Ahmed Abdelkrim
Après le 5 juillet, ensuite le 1er novembre, et demain… le 1er avril peut-être ? Ce serait plus cohérent : on reste dans le registre du canular.
Depuis des semaines, une certaine élite médiatico-diplomatique, autoproclamée experte de l’Algérie, multiplie les pronostics. « Il sera libéré pour le 5 juillet, fête de l’indépendance. » Faux départ. « Non, finalement, ce sera le 1er novembre, date symbolique du déclenchement de la Révolution. » Raté encore. Pourquoi pas le 25 décembre, tant qu’on y est, pour un miracle de fin d’année ?

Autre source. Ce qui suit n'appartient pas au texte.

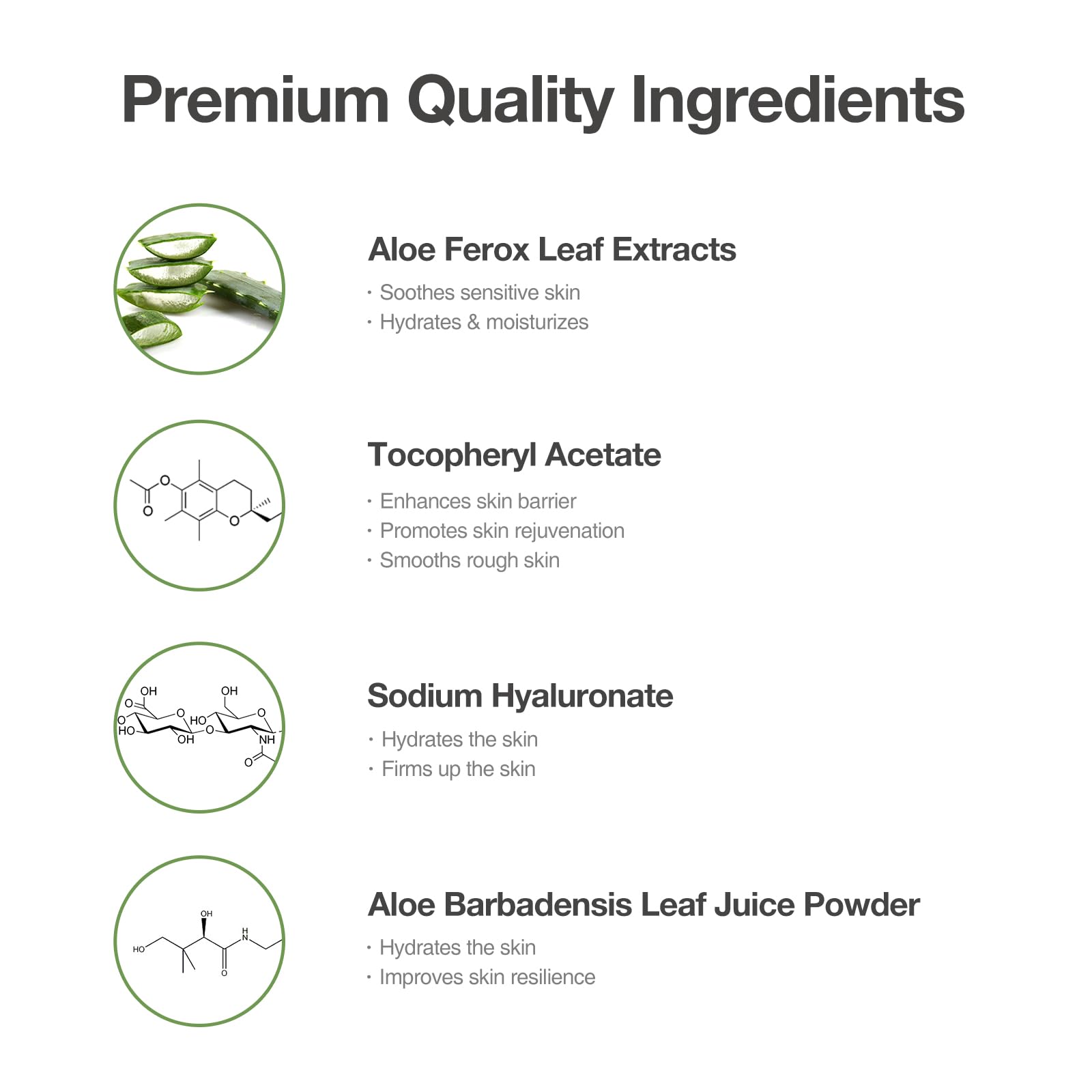 OxygenCeuticals soothing aloe vitamin-e supports healthy-looking skin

Entre journalistes en mal de scoops, « grands reporters » en quête d’exotisme, et anciens ambassadeurs recyclés en analystes de plateau, la machine à fantasmes tourne à plein régime. Mention spéciale à Xavier Driencourt, ex-ambassadeur de France à Alger, qui nous gratifie régulièrement de ses grandes révélations sur le "sérail algérien". Un sérail qu’il croit connaître parce qu’il a siroté quelques thés à la Menthe dans des salons feutrés.
Driencourt, semble postuler officieusement au destin de futur patron du renseignement français. Entre publications alambiquées et interventions sur CNews ou Le Figaro, il se rêve en homme de l’ombre, en conseiller des princes, en oracle de l’Algérie, alors qu’il n’est que l’ombre d’un diplomate en mal de reconversion. Son dernier rapport de l'IFRI, où il prophétisait un effondrement imminent de l'État algérien, tenait plus du roman de gare que de l'analyse stratégique. Il confond prévision et projection idéologique, diplomatie et ressentiment néocolonial.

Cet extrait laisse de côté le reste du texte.